Todo gran escritor, en esa lucha titánica, necesita en no pocos momentos dejarse vencer por el texto, permitirle seguir el curso que las premisas establecidas originalmente habilitan. Lo sabía Elias Canetti, que tardó décadas en completar su monumental Masa y Poder, el libro con el que dijo agarrar el siglo por el pescuezo. Ese trabajo arduo y agotador lo obligó a su vez a tomar la escritura de aforismos como válvula de escape para no pagar el precio íntegro de la insoportable tensión energética. “Cuando oigo la expresión ‘obra de una vida’ pienso en una ascesis inhumana”, anotó en sus diarios, con un tono casi kafkiano. Vemos justamente en Kafka, con su escritura fragmentaria y dispersa, con su insatisfacción permanente por los resultados (hasta el punto de desear y exigir que se quemaran sus textos, los mejores del siglo XX), un intento por escapar del imperialismo de la “gran obra” y, no obstante, el mismo estrés que la obra exige a sus severos militantes parece mortificar a quienes buscan sustraerse de sus magnos dominios. Es distintivo de Kafka que la pasión por la escritura, por las metamorfosis (los animales pequeños pasan desapercibidos), que le permite evadirse de las insufribles responsabilidades de la vida cotidiana, requiera de exagerados y tortuosos grados de sacrificio, que tempranamente el oriundo de Praga comenta a su prometida Felice en una serie de cartas de 1912:
“Cuando quedó claro en mi organismo que escribir era la actividad más fecunda de todo mi ser, todo confluyó hacia ella, dejando desiertas mis otras facultades, atraídas por los placeres del sexo, de la comida, de la bebida, de la reflexión filosófica y, sobre todo, de la música. Me fui atrofiando en todas estas direcciones. Lo cual era necesario, pues mis fuerzas eran en conjunto tan exiguas que sólo unidas podían, medianamente, ponerse al servicio de mi quehacer literario (…) Mi modo de vida está organizado únicamente en función de la escritura… El tiempo es breve, las fuerzas exiguas, la oficina un espanto, el hogar ruidoso, y si uno no está hecho para llevar una vida hermosa y sencilla, ha de intentar salir a flote con toda suerte de artificios”.

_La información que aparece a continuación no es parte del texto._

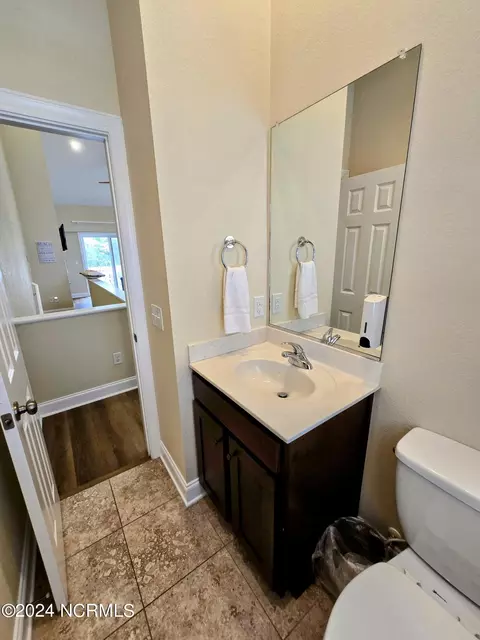 Bath - 1111 Cambridge Rd #308 B, Kill Devil Hills, NC 27948 photo 1 of 4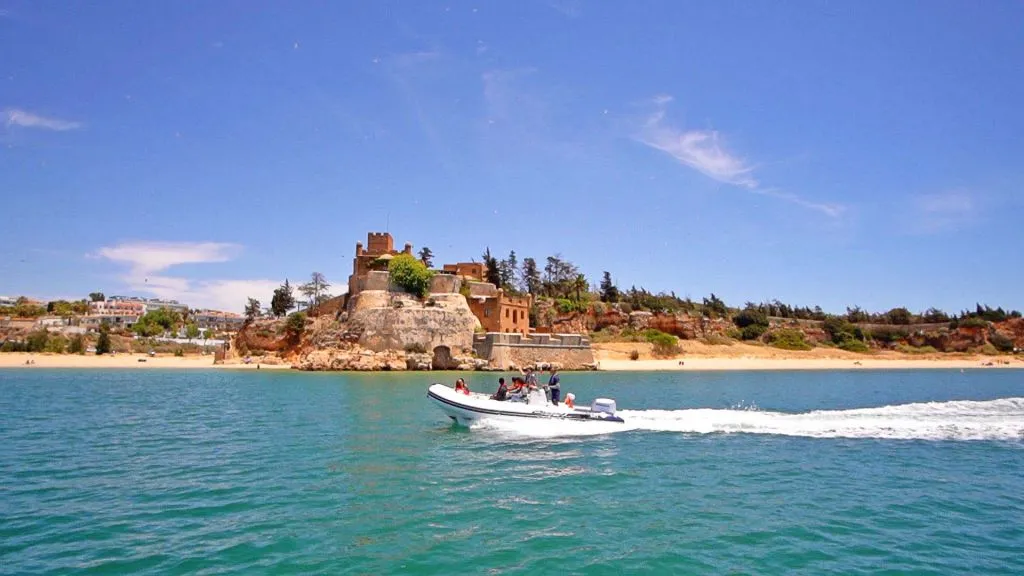 Benagil & Coastline: Full Caves Circuit Boat Tour from Portimão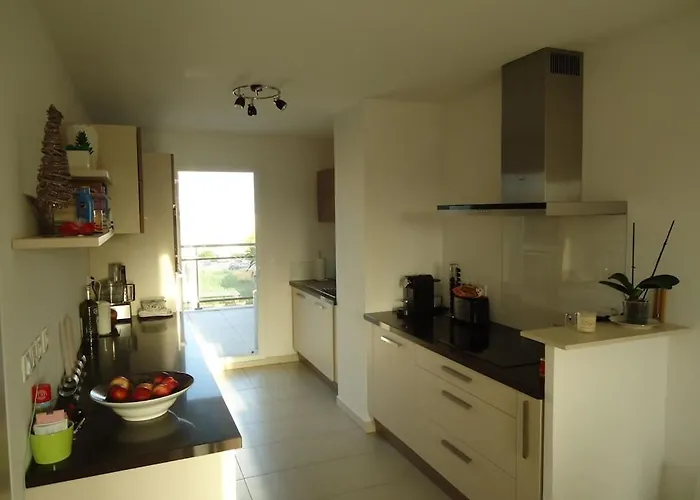 T3 Ideally Placed 80m² Of Terraces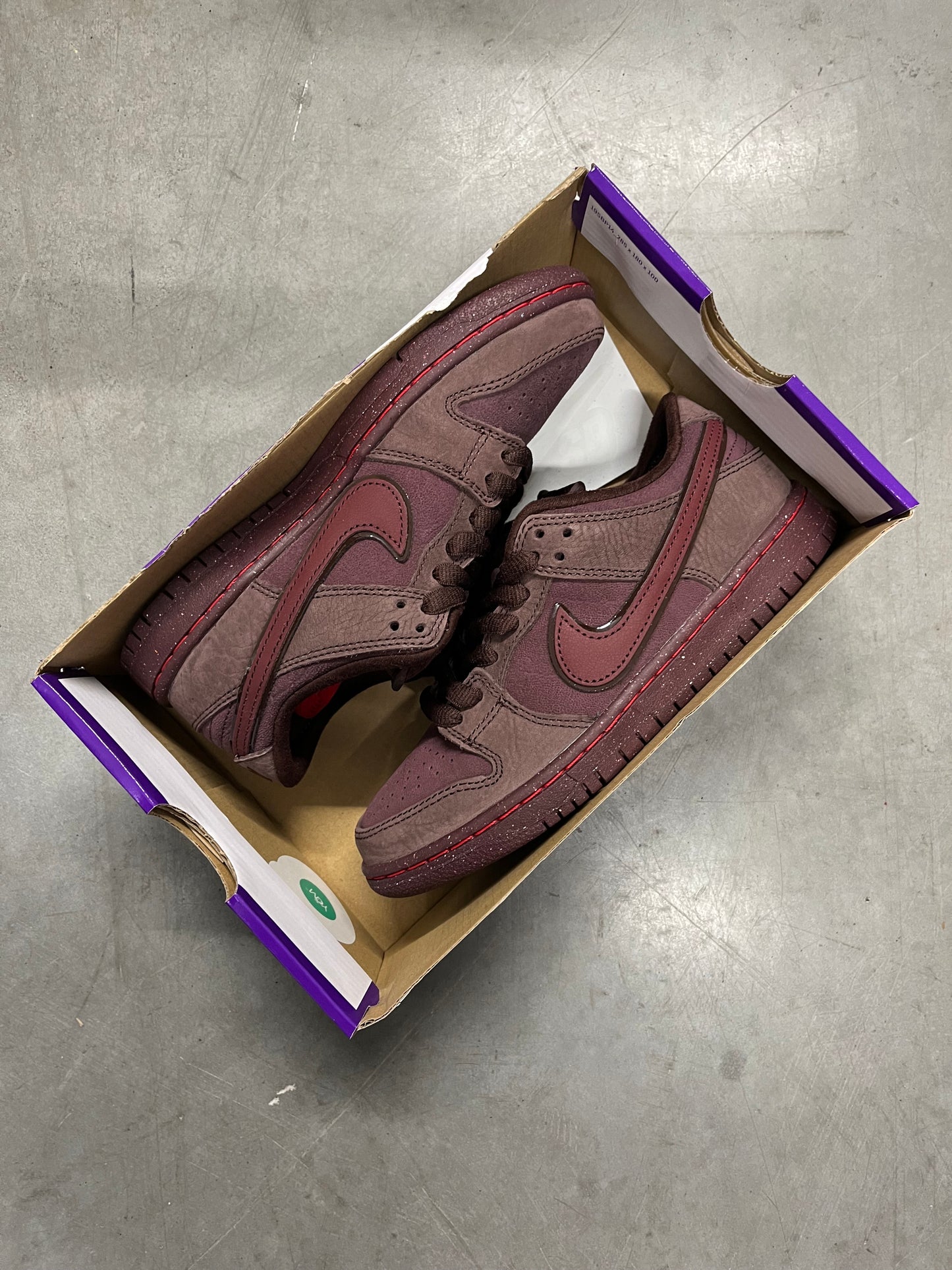 Nike SB Dunk Low City of Love Burgundy Crush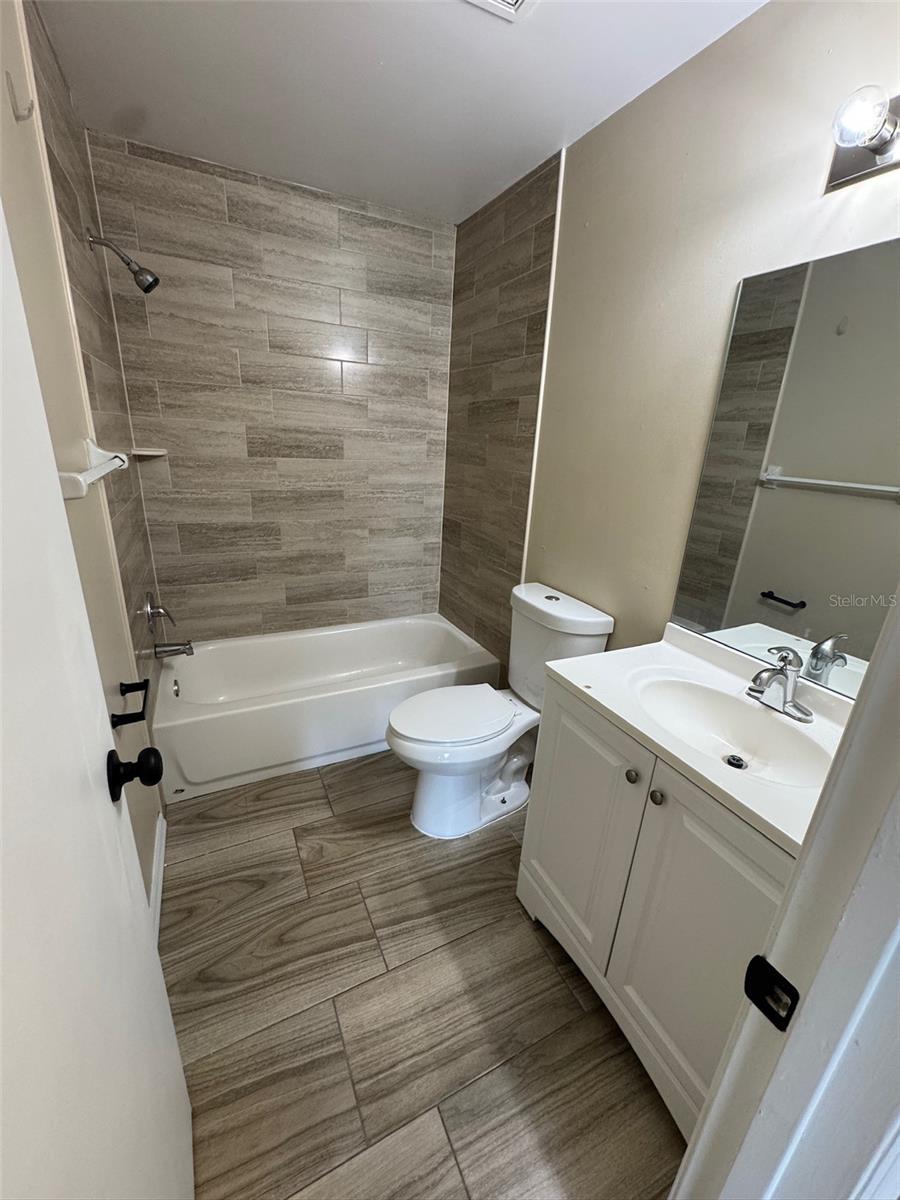 Image 16 of 17 For 1422-1422 17th Avenue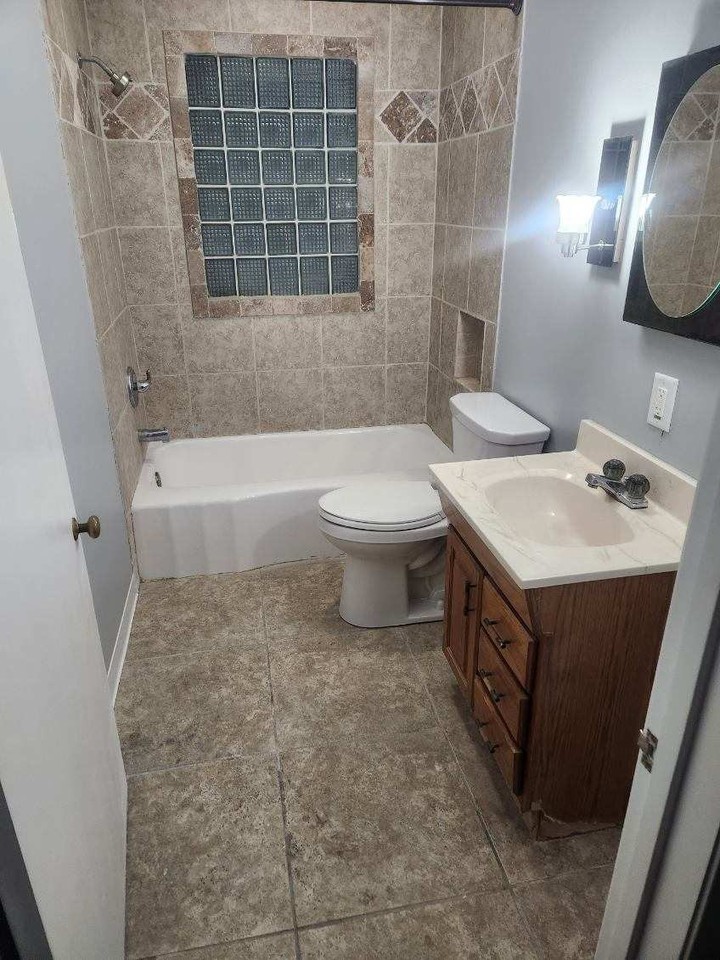 800 E Broadway St #800 - Photo 6 of 7
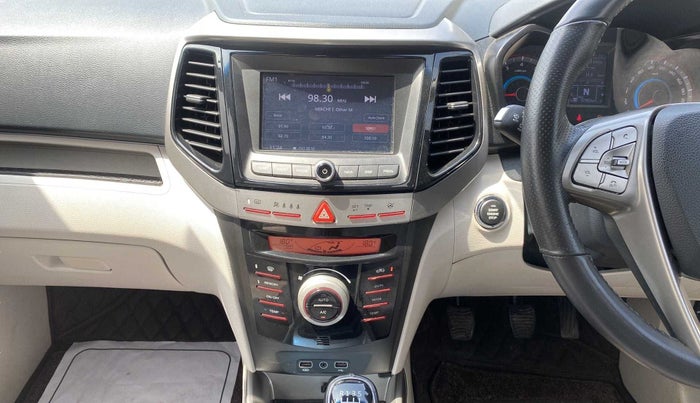 2021 Mahindra XUV300 W8 (O) 1.2 PETROL, Petrol, Manual, 38,036 km, Air Conditioner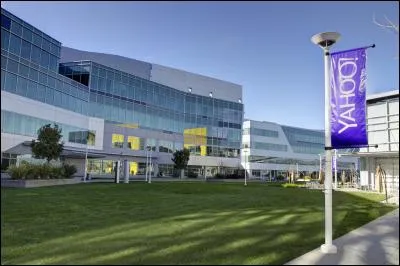 Deuxi&egrave;me ville du comt&eacute; de Santa Clara, si&egrave;ge de Yahoo :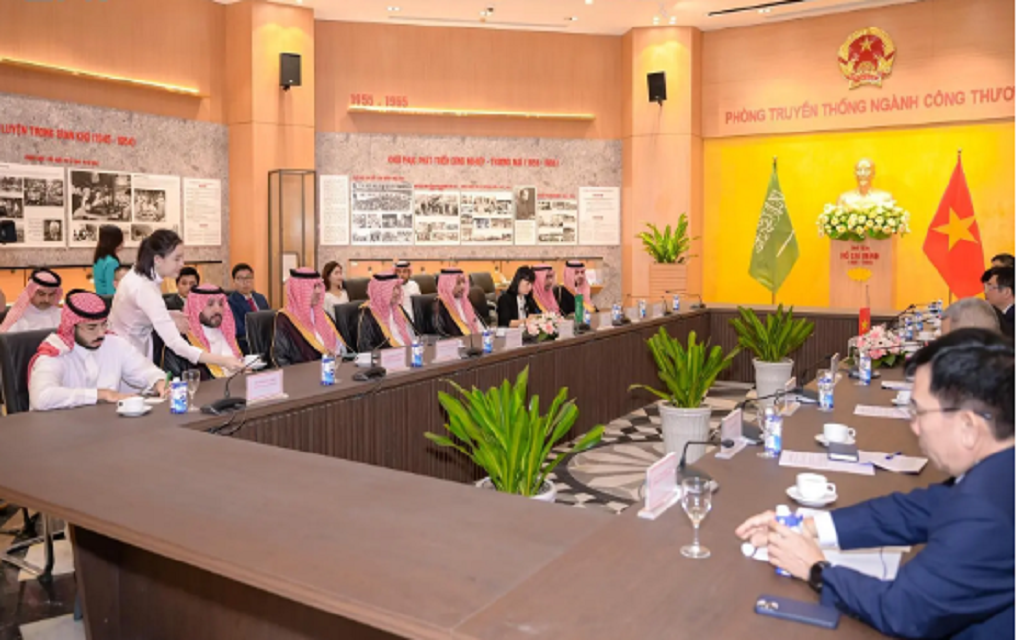 وزير الصناعة والثروة المعدنية بندر بن إبراهيم الخريّف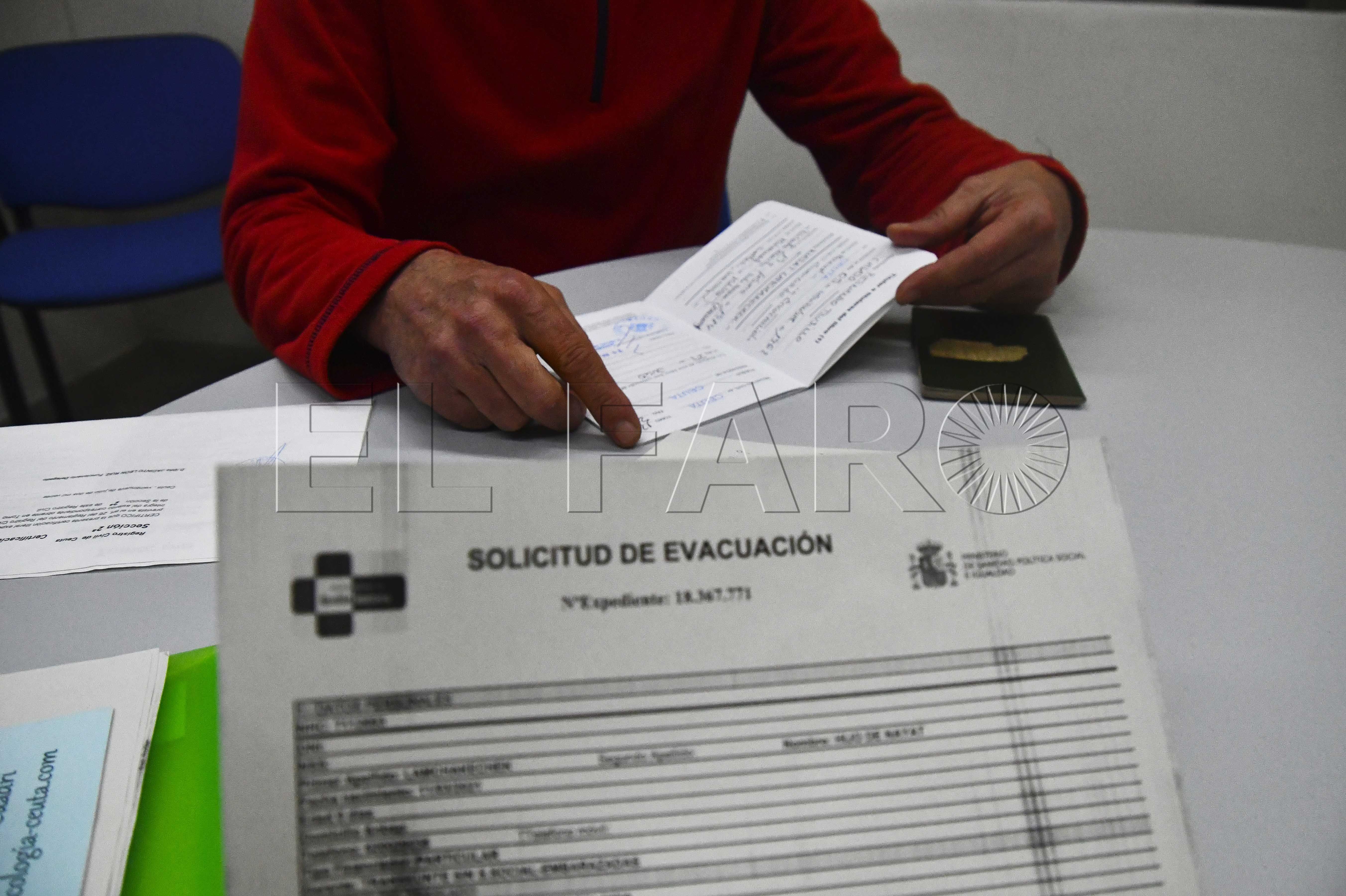 denuncia-bebe-evacuado-cadiz-sin-madre-papeles-2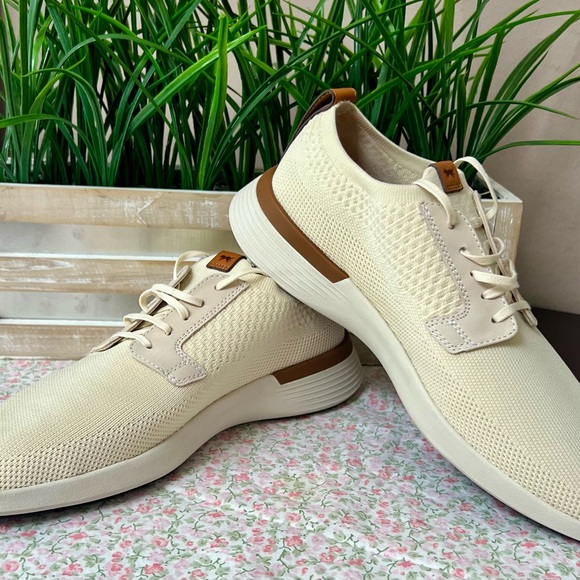 WOLF & SHEPHERD SwiftKnit™ Derby in Cream Men Sz.6 Women’s Sz.8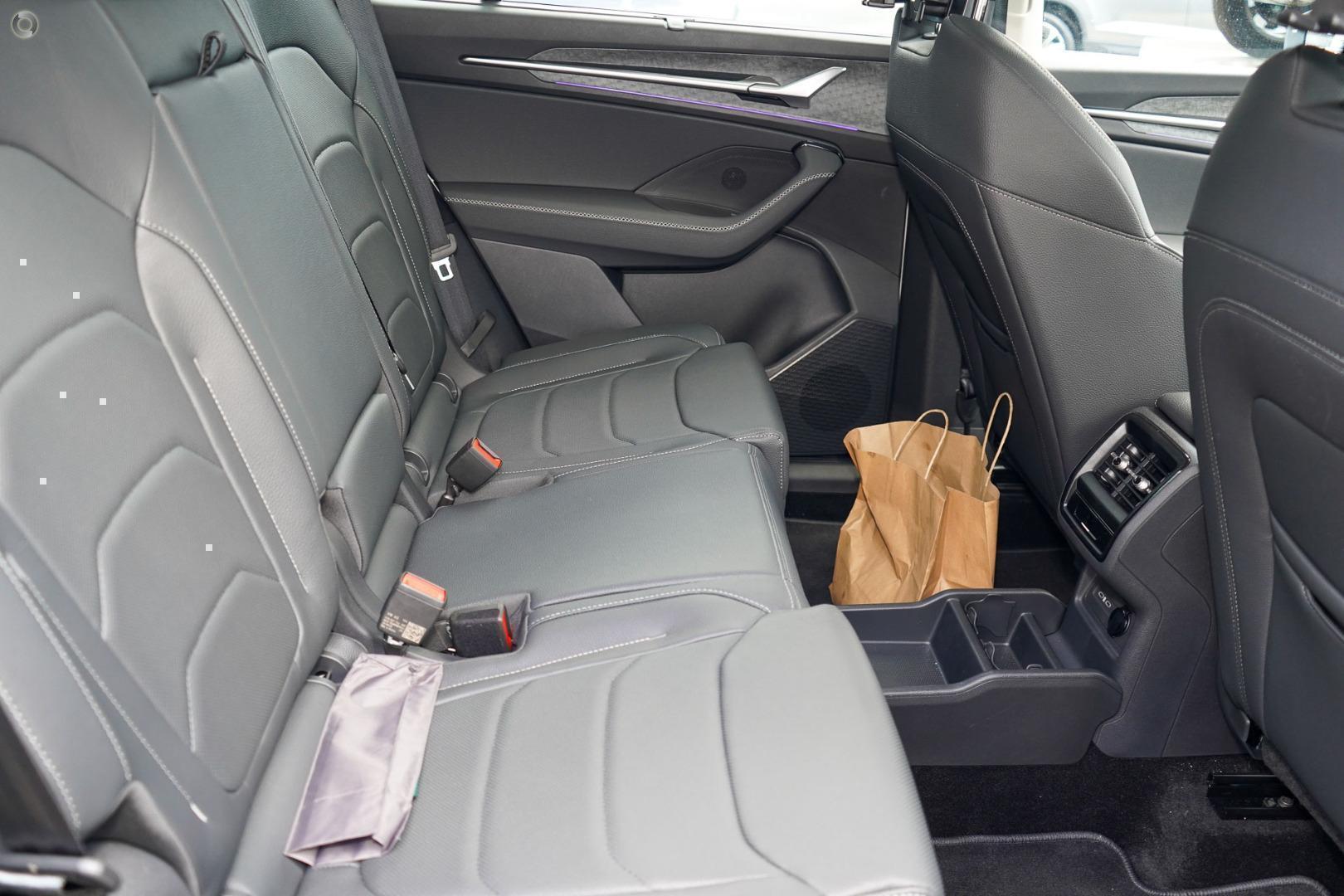2026 SKODA Kodiaq Select PHEV — photo 10
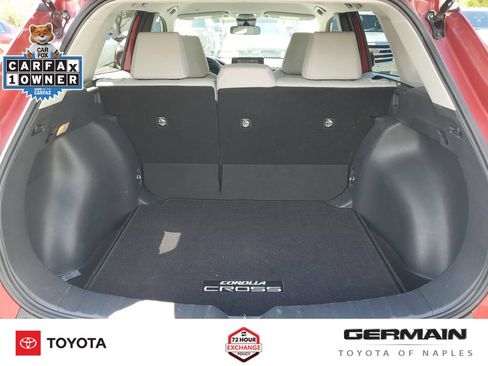 Used 2022 Toyota Corolla Cross LE FWD image 23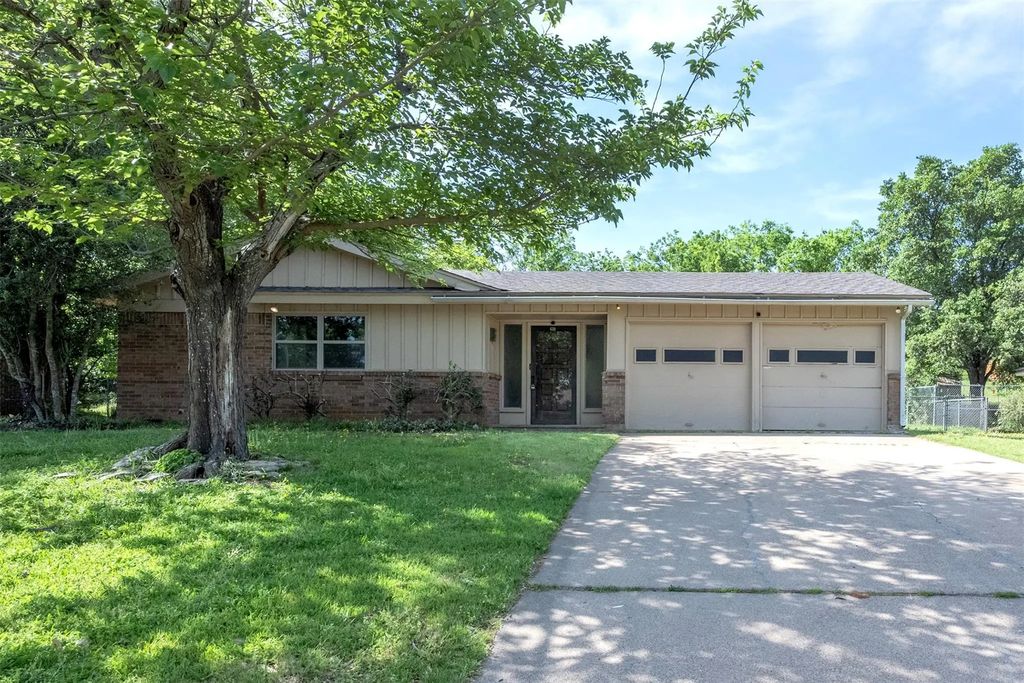 610 E Anderson Street, Weatherford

Esta idea de la escritura como ascesis, como ejercicio espiritual, como un método de purificación que implica cierta renuncia a los goces y los honores del mundo, es representativa de los escritores más ilustres, que suelen ser también los más desgraciados. Su destino imaginario es el de los mártires. Cuando en una entrevista Borges niega haber sido feliz y siente remordimientos por no haberla simulado, porque la felicidad es algo que se le debe a los otros más que a uno mismo, no está ostentando jactancia intelectual, sino diciendo algo muy profundo, algo metafísico que define la condición del escritor como tal. Se entiende entonces el sendero tomado por Nietzsche: “¿me esfuerzo por lograr mi felicidad? No, me esfuerzo por realizar mi obra”. Obra y felicidad se excluyen entre sí. Kant, que había establecido que la opción moral no consiste en ser feliz, sino en ser digno de felicidad, nos aclararía ese sentido del deber que mueve al escritor, si no fuera porque éste no encuentra jamás, o sólo durante breves instantes, el placer que le genera haber cumplido con sus obligaciones como escritor. Con Kant podemos más bien visualizar que la del escritor es una tarea infinita, una pesada carga con la que hay que lidiar para dejar una obra que lo trascienda, que glorifique su nombre (cuando no aspira a que se lo olvide para siempre), que quede para la posteridad, pues es casi seguro que sus contemporáneos no lo comprenderán. Pero el camino, como indica Mann, es un camino de suplicio, que sólo se atraviesa por una enigmática pulsión que fuerza al escritor a seguir el paso, a pesar de los dolores y sufrimientos:
“pocas veces el desarrollo de una vida -por juguetón, escéptico, artístico y humorístico que parezca- habrá surgido tanto, desde el comienzo hasta su próximo final, de esa temerosa necesidad de reparación, purificación y justificación, como mi personal y tan poco modélico intento de ejercer el arte” .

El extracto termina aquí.